Wie einige Internetdienste berichten, soll auch 1und1 sich zu teilen an der Drosselung von DSL-Tarife der Telekom anschließen. Wie Mobilegeeks berichtet, soll das günstigste DSL-Flatrate Angebot namens „1&1 Surf & Phone Flat SPECIAL 16.000“ in Zukunft eine Volumenbegrenzung auf 100 Gigabyte haben.
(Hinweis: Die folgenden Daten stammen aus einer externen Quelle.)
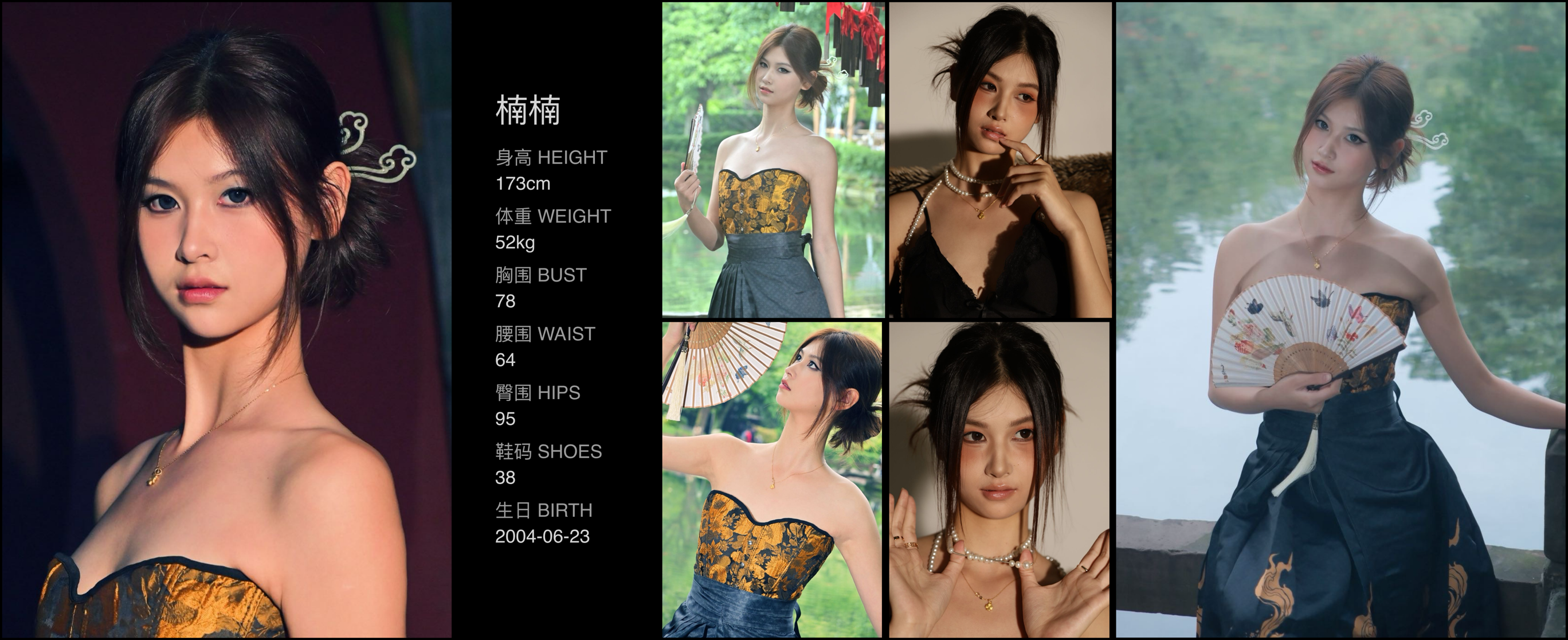 美影云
Während bei der Telekom nach Verbrauch des Datenvolumens die Geschwindigkeit auf 384 kbit/s gedrosselt werden soll, erlaubt 1und1 seinen Kunden immerhin noch eine DSL Geschwindigkeit von 1024kbit/s.
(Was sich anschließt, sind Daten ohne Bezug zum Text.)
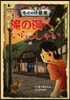 もののけ溫泉 瀧の湯へいらっしゃい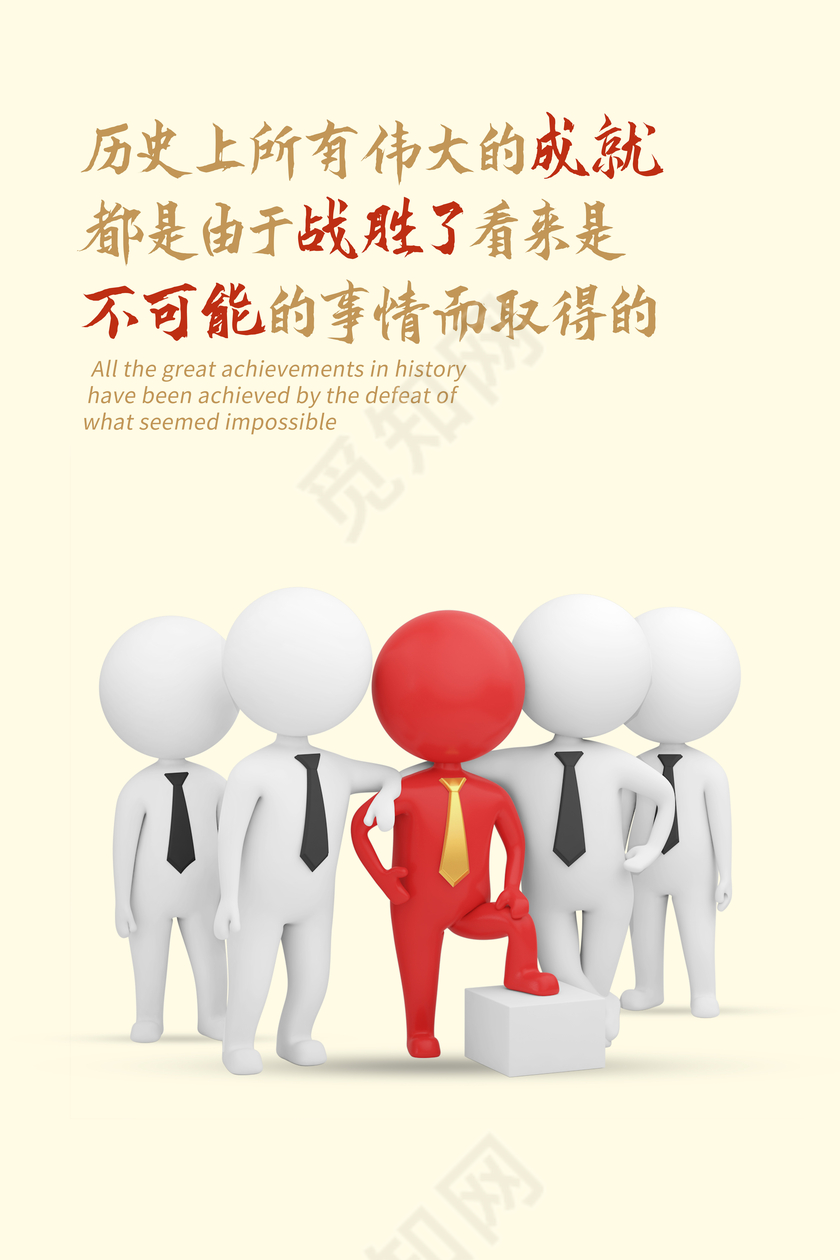 名人卡通企业展板设计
Wie bereits mehrfach erwähnt, bleibt es abzuwarten, welche Anbieter und Telekom-Konkurrenten ebenfalls eine Volumengrenze einführen werden, schließlich gibt es diverse Anbieter die sich in das Telekom-Netz einmieten und eventuell steigende Kosten an den Kunden weitergeben müssen.
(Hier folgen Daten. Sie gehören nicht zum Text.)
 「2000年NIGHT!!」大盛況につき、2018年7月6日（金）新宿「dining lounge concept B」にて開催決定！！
Fair-Use, war einst das Motto

In der Vergangenheit war beim Traffic bzw. Datenvolumen stets die Rede von „Fair use“. Vor allem im Bereich von Hosting und Server basierte die Flatrate-Tarife stets auf diesem Prinzip, was im Endeffekt nichts anderes bedeutete, als wenn der Verbrauch in einem fairen Rahmen liegt, so werden keine zusätzliche Kosten erhoben. Der faire Rahmen wird aber grundsätzlich seitens der Anbieter definiert. Schon früher gab es eine Vielzahl von Gerüchten, wo nach DSL Anbieter Kunden mit hohem Traffic-Verbrauch angeboten haben, den Vertrag gegen eine Gutschrift zu beenden.

Fair-Use im Alltag

Der Aufschrei in den vergangenen Tagen und Wochen hinsichtlich der DSL-Drosselung scheint immens groß. Aber wenn der Otto-Normal Internetnutzer ehrlich zu sich ist, wird dieser auch einsehen, dass er in der Regel nicht mal an die Volumengrenze heran kommt. Sofern das Internet als Wissensdatenbank, Informationsmedium und zum Austausch in Communities und sozialen Netzwerken benutzt wird, werden die Veränderungen der Datentarif keine spürbaren Auswirkungen haben. Natürlich werden auch weiterhin Youtube Videos und Musikdienste in einem gesunden Rahmen nutzbar sein.

Filesharer, die grundsätzlich als Hauptgrund steigende Kosten angesehen werden, müssen natürlich tiefer in die Tasche greifen. Aber wie auch jeder weiß, kann Filesharing rechtliche Probleme nach sich ziehen – ein junges Entwickler Duo hat eigene Statistiken offenbart, wie hoch die Anzahl von illegalen Downloads selbst bei Computerspielen, die lediglich wenige Euro kosten, ist.